RGS-IBG Annual Conference, London: 29 August – 1 September 2017
Sponsor: Food Geographies Working Group
Convenors: Jonas House (University of Sheffield) & Alexandra Sexton (King’s College London)
The ‘new cultural geographies of food’ (Friedberg, 2003) have yielded fruitful theoretical and methodological engagements with the complicated matter of food, but relatively little work has engaged with the cultural geographies of new food in particular.
‘New’ foods are multifaceted: they could include those which, although established in particular places, are newly introduced elsewhere; they could be repositioned or remodelled versions of foods that are either relatively familiar or culturally unusual (e.g. the examples of avocado and insects respectively in the UK); or they could be in a sense completely new, having arisen out of the culinary application of recent biotechnological developments (e.g. cultured meat). New foods may arise, inter alia, as a ‘sustainability fix’, a corollary of capitalist expansion, or as a result of migration.

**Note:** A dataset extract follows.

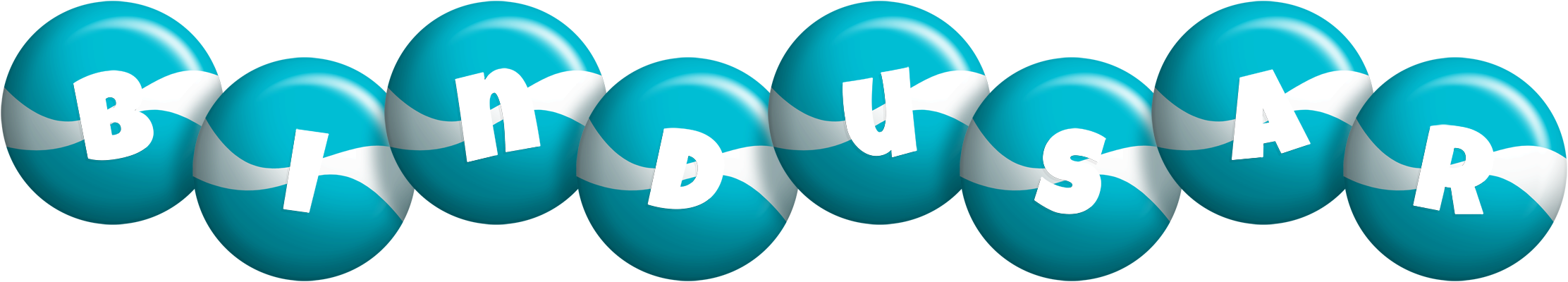 Bindusar messi logo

We seek papers which explore themes related to the cultural geographies of new food, broadly conceived. Contributions may be theoretical, empirical, and/or methodological. Potential topics may include (but are not limited to):
– How cultural, geographic, political-economic and other factors are mobilised in order to position foods as ‘new’, or new foods as edible
– The contingencies and co-dependencies affecting the production, distribution and consumption of new foods
– Questions of power and capital in relation to new foods
– The social consequences of efforts to introduce new foods
– The materialities and geographies of new foods
– Public acceptance of new foods or food technologies
– The biopolitics of new foods
– The (in)applicability of existing theoretical engagements with food to the study of new foods
– ‘Creation myths’ associated with new foods
– Interrogation of what it means for food to be ‘new’
– Methodological issues relating to the geographical study of new foods
Friedberg, S. (2003). Not all sweetness and light: new cultural geographies of food. Social and Cultural Geography (4)1, 3-6.
Session format: 4-5 presentations of 15-20 minutes, depending on submissions.